It seems that art sculptures have been around for as long as people have inhabited the earth. We appear to have an urge to express ourselves in this way. From the monoliths of Stonehenge to the Heads on Easter Island, this habit knows no bounds of culture or civilization. It’s not that hard to see why. Who hasn’t felt the urge to whittle away at a piece of wood on a lazy summer afternoon? There are no rules for the size of the sculpture or the material used to create it. Sculptures vary in size from 7-inch figurines to the 72ft Easter Island heads and the 66ft tall sphinx with Michelangelo’s 17 foot tall David and many others in between. There are, of course, examples both smaller and larger than these. The materials used can be anything at hand but commonly include bedrock, marble, clay, or wood.
It seems there are no bounds to human creativity. You don't need to find statues interesting to appreciate art. Art forms vary and lately are more prevalent online.
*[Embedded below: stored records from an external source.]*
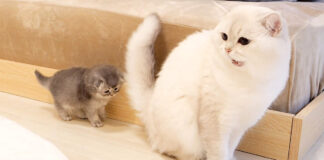 父猫を追いかける子猫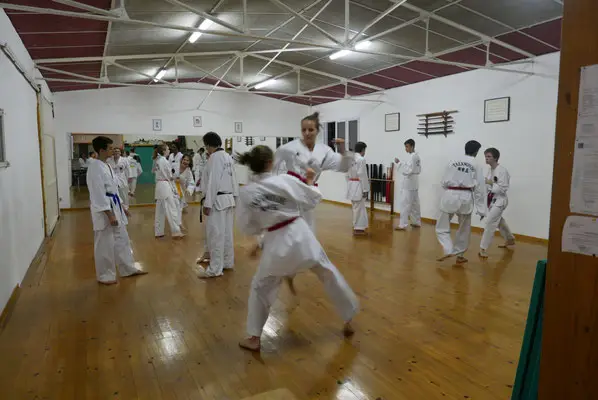 Dojo Expression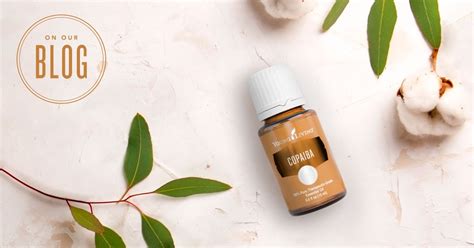 ©2008 • young living essential oils www.youngliving.com. Copaiba Essential Oil dari Young Living - Kebaikan dan ...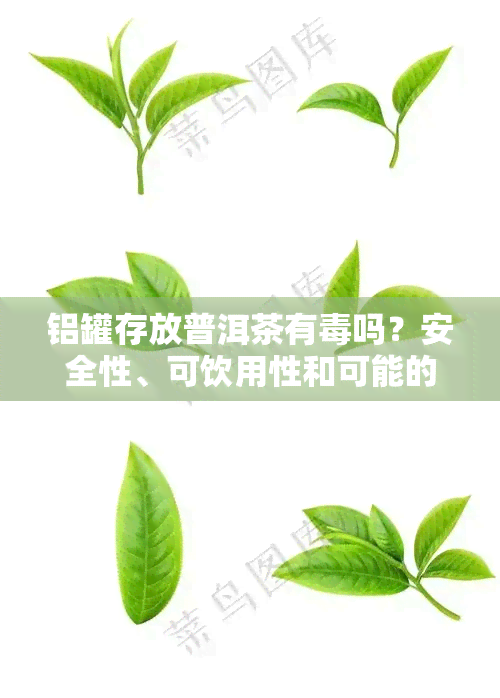 铝罐存放普洱茶有吗？安全性、可饮用性和可能的中风险全解析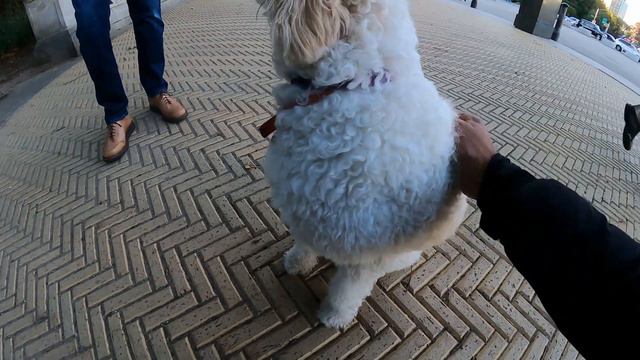 Lagotto in Brooklyn Oct 12, 2021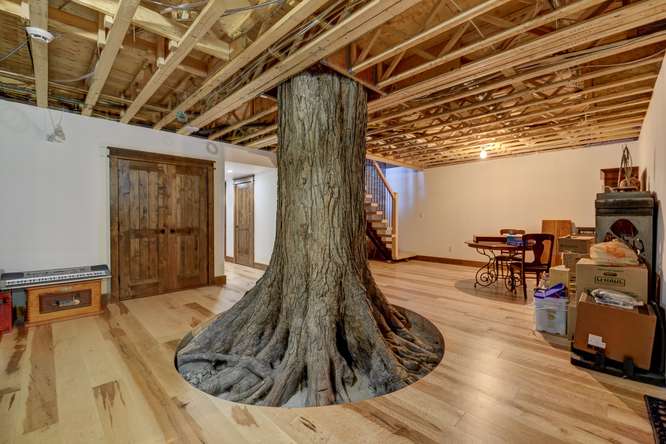 Maple Hardwood Flooring - Gaylord Wide Plank Flooring 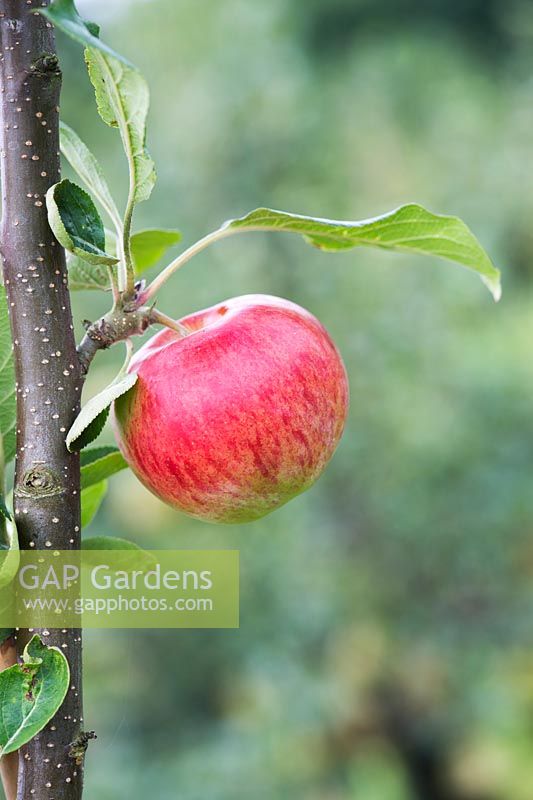 Malus domestica - Apple 'Santana' on a tree
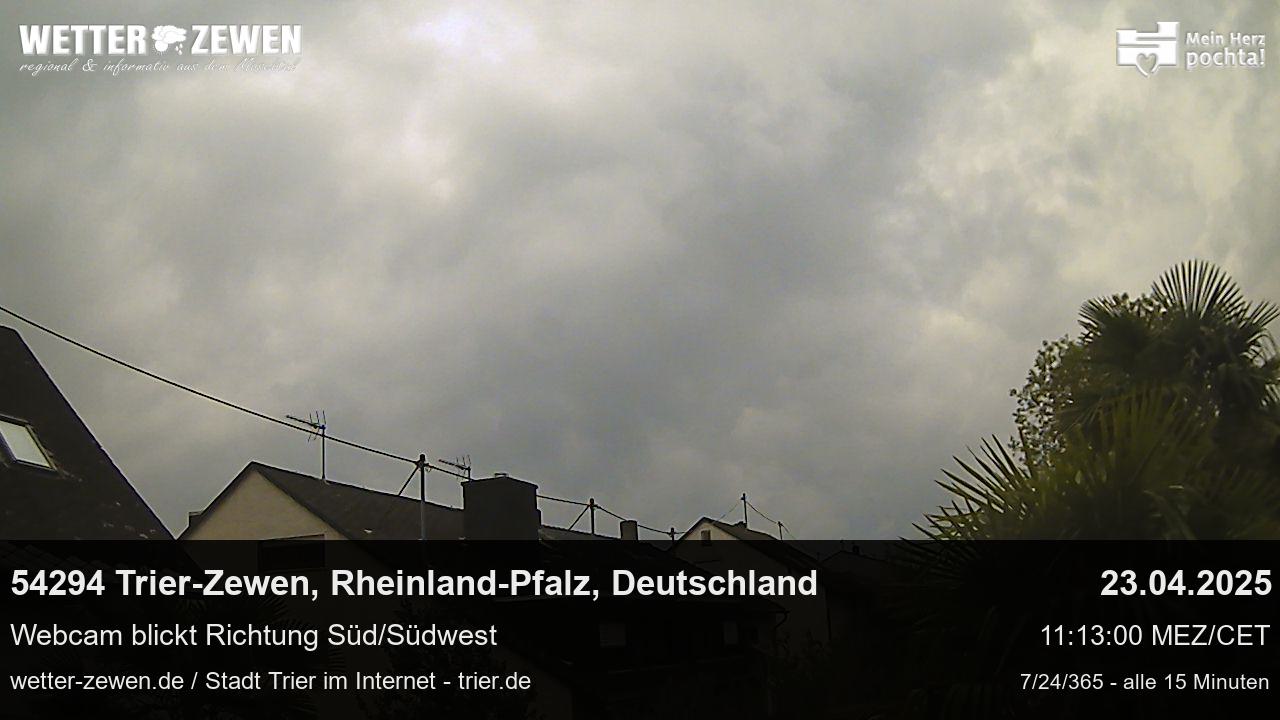 Bild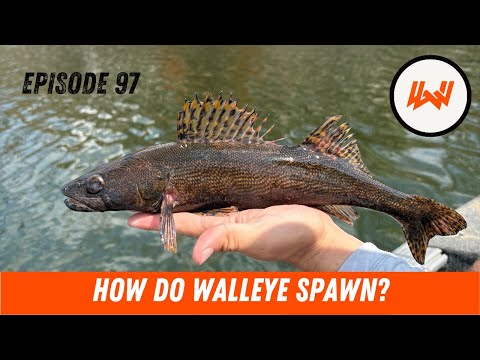 Episode 97 // What Happens After You Release A Fish ft. Chris Somers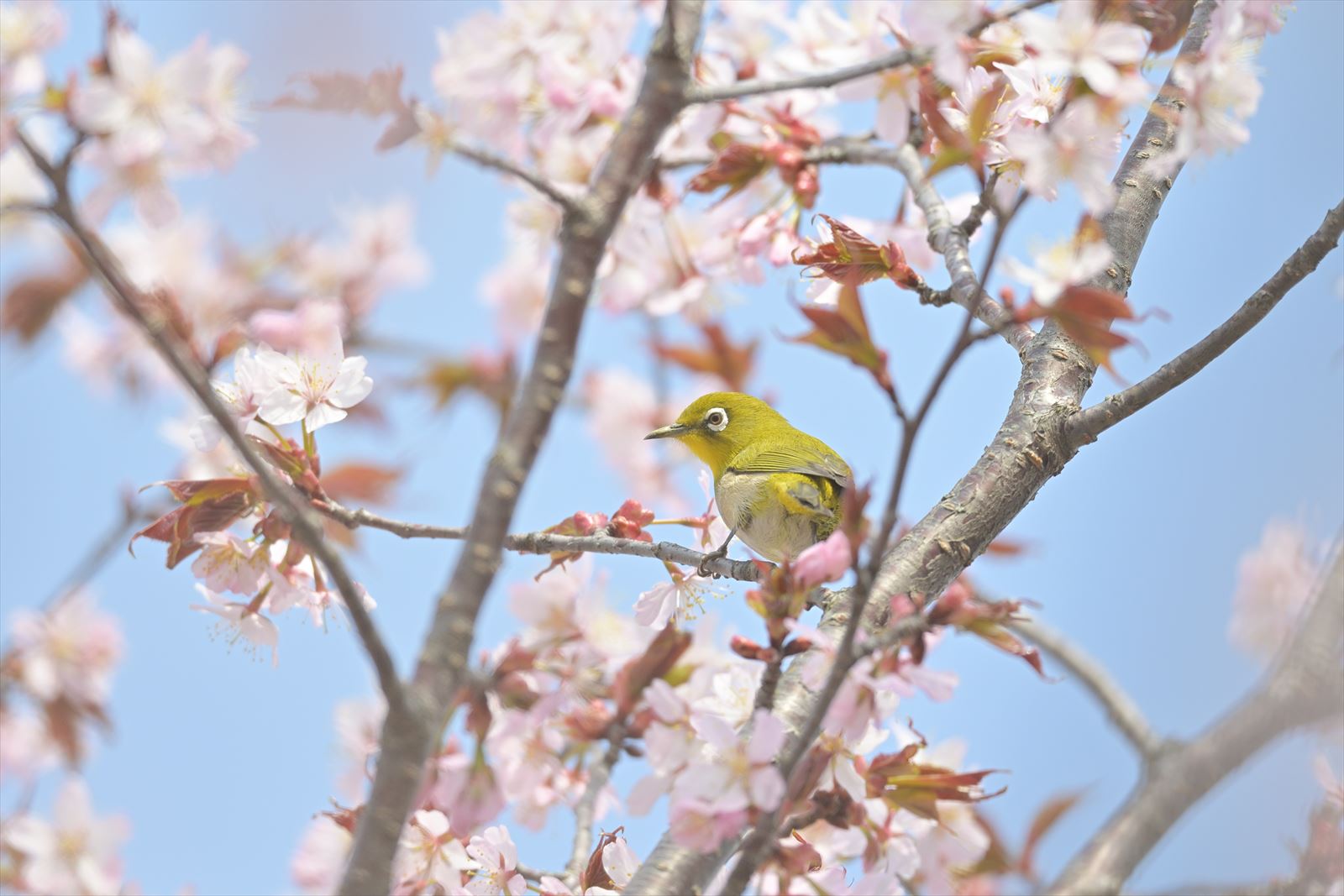 桜と目白 : やぁやぁ。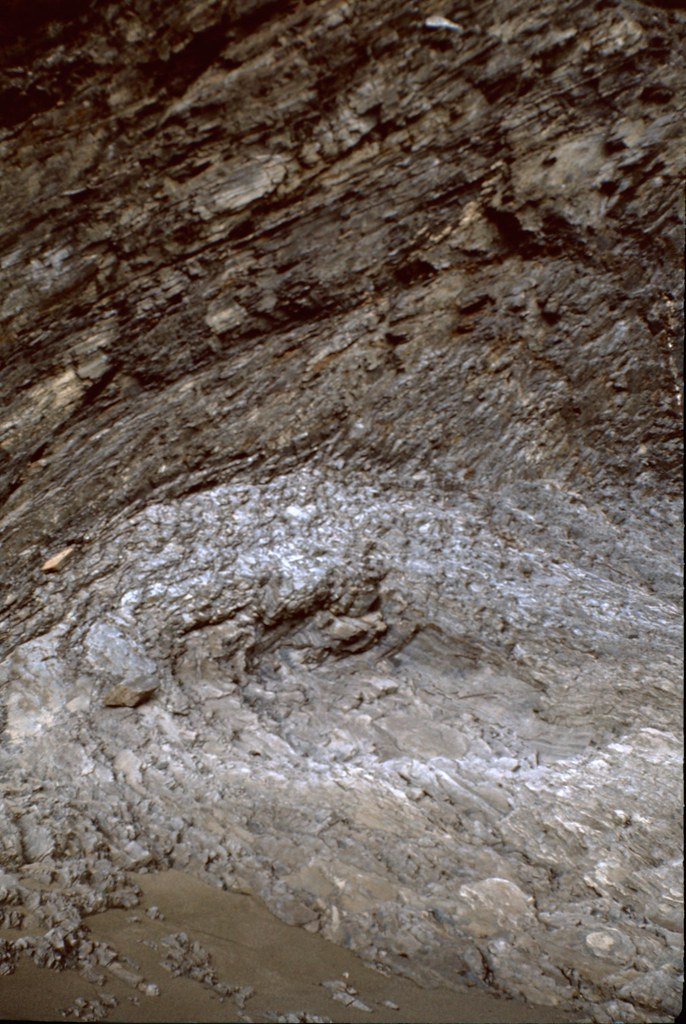 1974lr1-060_21289588598_l.jpg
Take US online casinos, for example!
Sometimes the sculptures had religious significance or were created to commemorate a historical event such as success in war. Still. In many cases, the meaning and purpose of the statues remain a mystery. Perhaps they were simply a way to immortalize beauty as seen by the artist.
Using the term ‘ancient’ rather loosely, we include the lifesized terracotta army from 220BCE in China and the Sphinx of Giza in Egypt, 2494BCE. There are also many examples from ancient Rome For instance, Romulus and Remus suckling on the wolf and the equestrian statue of Marcus Aurelius, the last of the five good emperors of Rome and symbol of the golden age of the Roman Empire. Also Greece, with many examples of great art sculptures like Venus de Milo, famous for her lack of arms and the discus thrower, iconic image of the Olympic games.
Some of the following are not viewed as examples of Renaissance art, but they are from around the same period, so they are included here. If we examine the more famous examples, we can see the heads on Easter Island, dating back to 1250 - 1500 BCE. There are various statues of Buddha from around the second to third century AD.
The statues we’re more likely to be familiar with date from the Renaissance in Europe. Michelangelo’s David comes to mind as a prime example but is far from the only one.
While the materials used have always varied, this becomes more noticeable with modern sculptures, where, apart from bronze casts of clay sculptures, everything from bicycle wheels to wooden boxes has been used. From a 7-inch figurine of Millenial Gaia by Oberon Zell to the 20m tall Angel of the North designed by Anthony Gormley in Gateshead, England, the size of modern sculptures still varies.
Rodin’s The Thinker, cast in bronze at 73 inches high, deserves mention here.